What BlindOracle gives them

• Reproducible findings — the assessment runs on the open-source MASSAT framework (Apache-2.0). They re-run it against the same target and confirm the score themselves.
• Inclusion proofs — for any single finding (“does it scope credentials? ASI02”), they request the Merkle inclusion proof, confirming that exact finding commits to the published root — without trusting the rest.
• Auditable methodology — because MASSAT is public, they vet the method, not just the verdict.

The check they run

git clone https://github.com/craigmbrown/massat-framework
massat audit --target <the-agent> --frameworks owasp-asi,nist-ai-rmf
# Compare your score + findings to the vendor's report.json
# Request an inclusion proof for any finding → verify it commits to merkle_root
# Confirm the agent's actions carry a 30014 delegation chain to a named owner

An agent opened a YES position; weeks later the market resolves against it and a stakeholder asks whether the trade was ever within mandate. The 30105 audit shows the agent's control posture, the 30014 chain names who authorized it, and the anchored root fixes the state at the time of the trade. “Was this authorized, and by whom?” stops being an argument and becomes a lookup.

An agent vetted a supplier and released an AP payment; finance later flags the payee. The content-hashed recommendation proves exactly what the agent decided on (no after-the-fact edit), and the delegation proof names who authorized the release. If the vetting was sound and the authorization valid, the organization is covered; if not, the precise failure point — bad input vs. bad authority — is provable rather than argued.

An agent pre-screened a counterparty and cleared them; the counterparty later turns out to be sanctioned. A regulator asks what the screen actually checked. Because the finding set is Merkle-committed with the count N bound in, the team can prove the complete set of checks the agent ran — not a flattering subset — and the anchored timestamp shows it ran before onboarding, not reconstructed afterward.

A multi-agent council recommended “go,” and one member's input is later challenged as compromised. Per-agent delegation chains show which agents took part and under whose authority, and the signed record of inputs shows exactly what each contributed. A single suspect input can be isolated and re-weighed without discarding — or blindly trusting — the entire decision.
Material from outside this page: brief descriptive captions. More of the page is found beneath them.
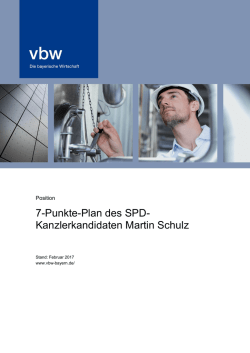 7-Punkte-Plan des SPD- Kanzlerkandidaten Martin Schulz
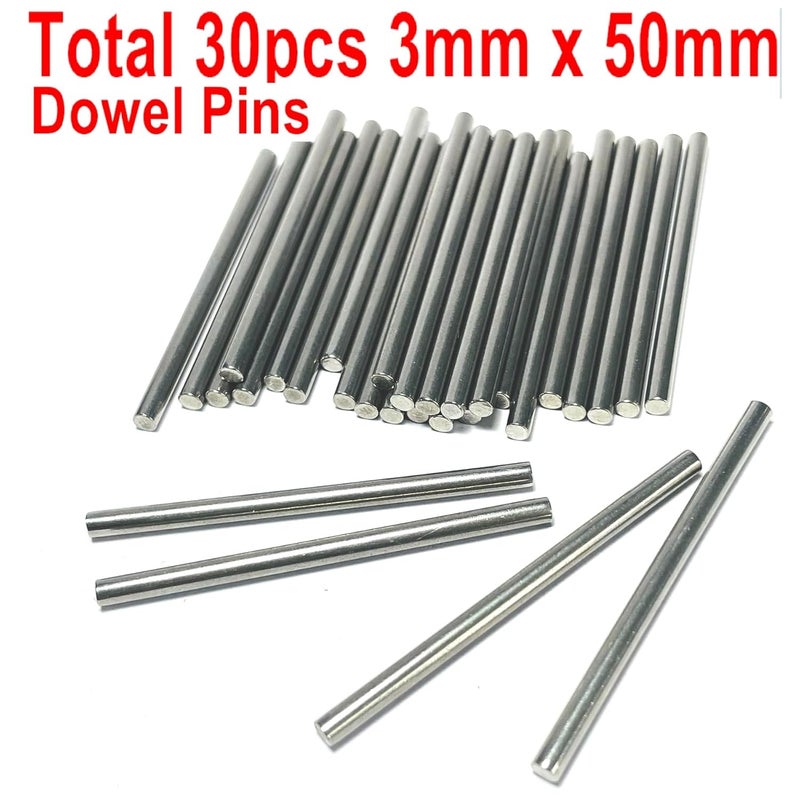 ZDingTech 30pcs 3mm x 50mm Dowel Pins Metal Dowel pins M3 3mm Shelf Pegs,Support Shelves,3mm x 50mm Metal Rod.304 Stainless Steel Wood Bunk Bed pegs - Image 2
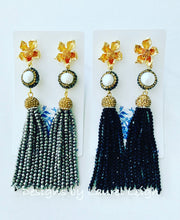 Load image into Gallery viewer, Dressy Floral and Pearl Beaded Tassel Statement Earrings - Gold/Black Or Gold/Silver - Designs by Laurel Leigh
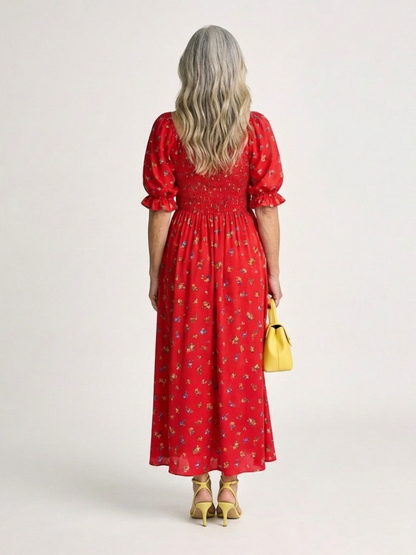Yasmin | Vestido midi con cuello cuadrado, estampado floral y mangas abullonadas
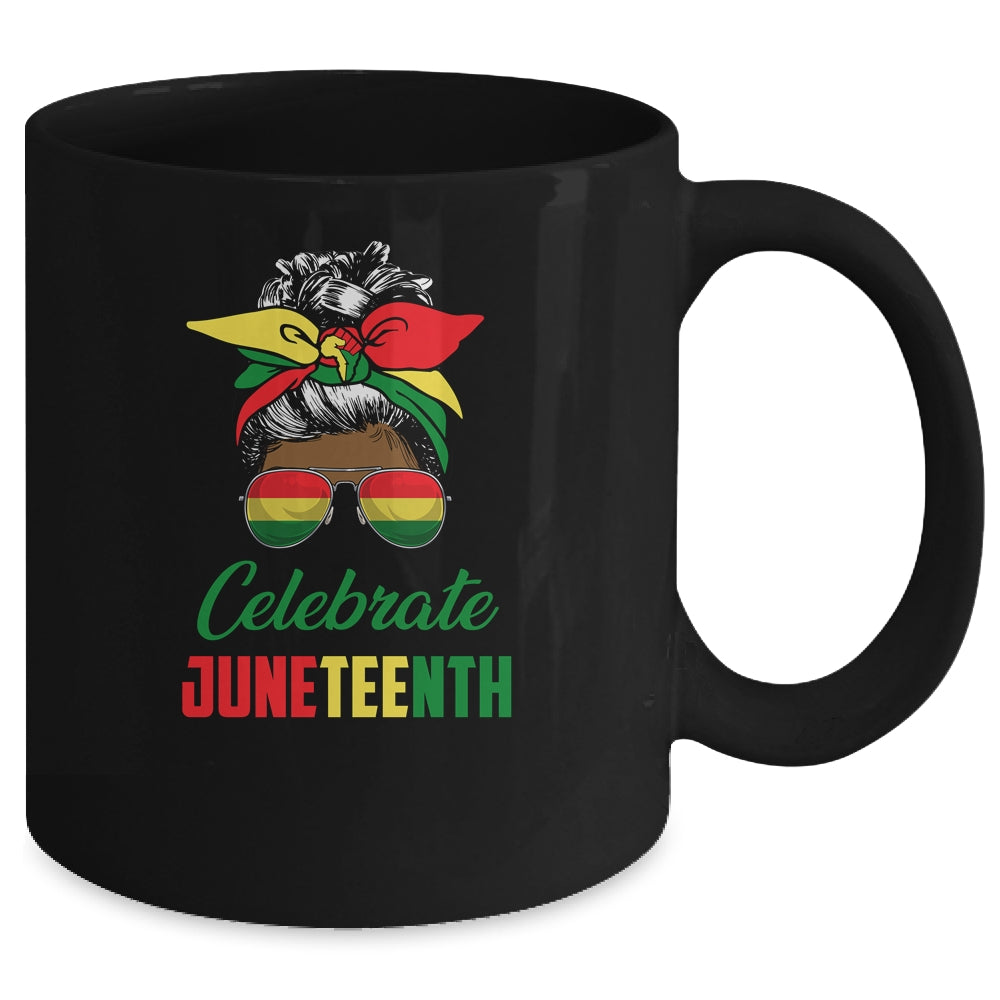 Celebrate Juneteenth Messy Bun Black Women Melanin Pride Mug | siriusteestore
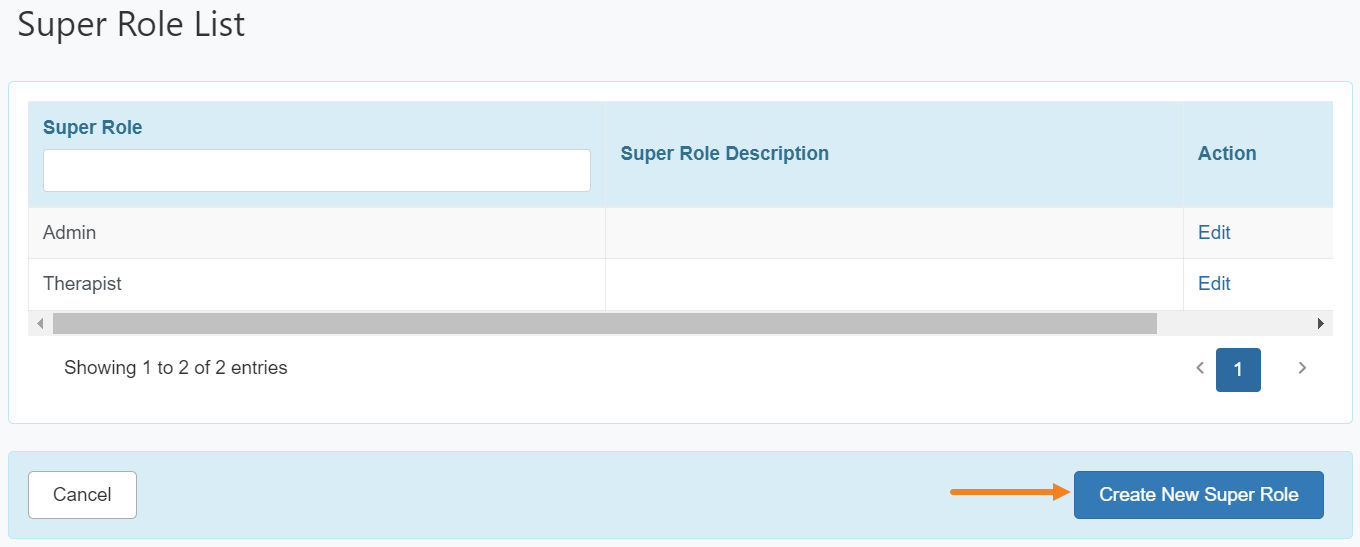 Create New Super Role ISP program on therap dashboard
An agent produced a memo that shaped a strategy; someone later claims it rested on a planted source. The audit attests that content-trap scanning (CaMel L1/L2) was applied to ingested web content, and the findings are reproducible via the open-source framework — so “did you ingest manipulated content?” gets a verifiable answer instead of a shrug.

BlindOracle audits a third party's agent on a buyer's behalf, and the buyer reasonably worries the auditor is conflicted. It doesn't matter: the report is content-hashed (BO can't revise it), the findings are N-bound (BO can't drop the unflattering ones), and the root is anchored publicly. The buyer verifies the audit without trusting BlindOracle — the conflict is engineered out, not promised away.